Laura Macdonald, spécialiste de l’Amérique latine rattachée à l’Université Carleton, juge aussi « inquiétante » la réforme en cours et relève qu’elle pourrait s’avérer contre-productive à terme pour le président et son parti en mobilisant l’opposition.

Le chef d’État tente de centraliser le pouvoir et d’affaiblir certaines institutions démocratiques importantes en disant agir au nom des Mexicains les plus défavorisés, dit l’analyste, qui insiste sur la nécessité de ne pas dramatiser la situation à outrance.

« Certains critiques disent que le pays va devenir comme le Nicaragua ou le Venezuela, mais c’est manifestement une exagération », dit-elle.

Enjeux sociaux et diplomatiques

Les gouvernements précédents au Mexique étaient minés par la corruption et n’ont pas fait grand-chose pour améliorer le quotidien des plus pauvres, qui continuent, dit Mme Macdonald, à se reconnaître dans l’actuel président.

L’augmentation des dépenses sociales et la bonification récente du salaire minimum sont de nature à lui valoir des appuis, même s’il apparaît difficile à ce stade d’établir un bilan clair de l’effet de ses actions sur le plan économique, souligne la professeure.

D’importants problèmes demeurent par ailleurs en matière de sécurité publique en raison des cartels, ajoute Mme Macdonald, qui s’alarme du poids conféré à l’armée par le président dans la gestion de la situation.

Tony Payan pense que les visées « antidémocratiques » du chef d’État vont se buter à l’insatisfaction de la classe moyenne du Mexique, qui joue un rôle important dans les manifestations en cours.

Elles risquent aussi, selon l’analyste, d’entraîner de sérieuses pressions de l’administration américaine, qui s’est gardée de critiquer trop ouvertement le chef d’État mexicain par crainte de susciter ses foudres et de compliquer la collaboration des deux pays sur des dossiers épineux comme le trafic de drogue et l’immigration.

Le département d’État a souligné il y a quelques jours dans un communiqué qu’un système électoral « indépendant et bien financé » est nécessaire pour une « saine démocratie », tout en précisant que les États-Unis respectent la souveraineté du Mexique.

La sortie a déplu au président López Obrador, qui a apostrophé le secrétaire d’État américain, Antony Blinken, lors d’une conférence de presse en le sommant de renoncer à ses pratiques « interventionnistes ».

Laura Macdonald note que ce type de discours touche une corde sensible dans la population mexicaine, qui entretient une grande méfiance face à Washington.
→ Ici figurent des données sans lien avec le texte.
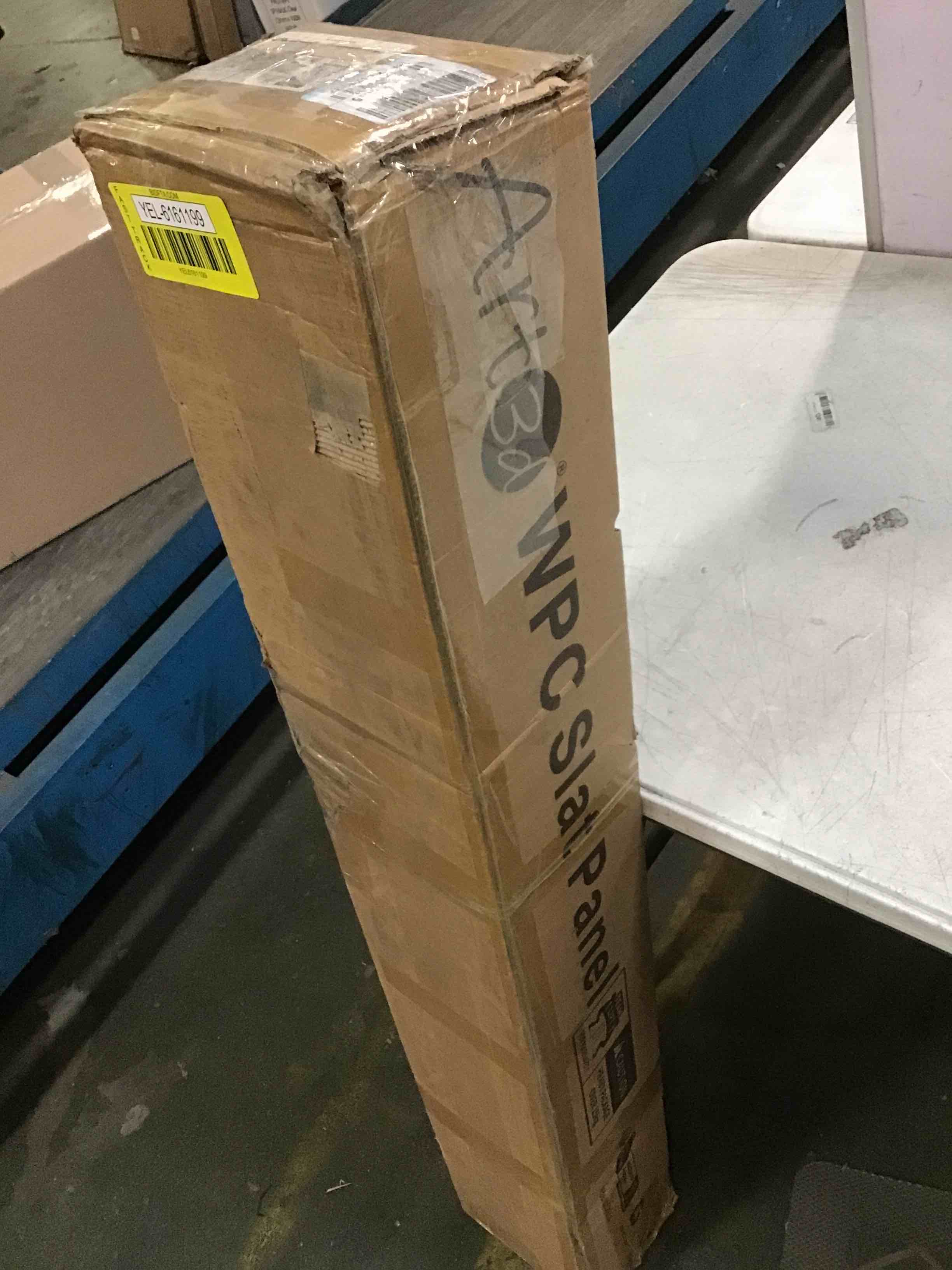 https://s3.amazonaws.com/lotting-images-prod/bidfta/YEL6161199_1715081210160.jpeg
La chercheuse dit espérer que le prochain président, qu’il soit ou non issu des rangs du parti Morena, sera aussi sensible aux inégalités que son prédécesseur, mais s’éloignera d’une approche « populiste » qui alimente le clivage du pays.
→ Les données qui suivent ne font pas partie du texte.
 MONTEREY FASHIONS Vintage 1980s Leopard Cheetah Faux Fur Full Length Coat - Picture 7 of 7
Andrés Manuel López Obrador en quelques dates

13 novembre 1953 : Naissance à Tepetitán, dans l’État de Tabasco

1989 : Participe à la fondation du Parti de la révolution démocratique

1994 : Candidat au poste de gouverneur de l’État de Tabasco

1996 à 1999 : Président du Parti de la révolution démocratique

2000 à 2005 : Chef du gouvernement de la ville de Mexico

2006 et 2012 : Candidat à la présidence du Mexique, sans succès ; il est défait par Felipe Calderón et Enrique Peña Nieto, respectivement

1er juillet 2018 : Andrés Manuel López Obrador est élu président du Mexique, portant la gauche au pouvoir pour la première fois.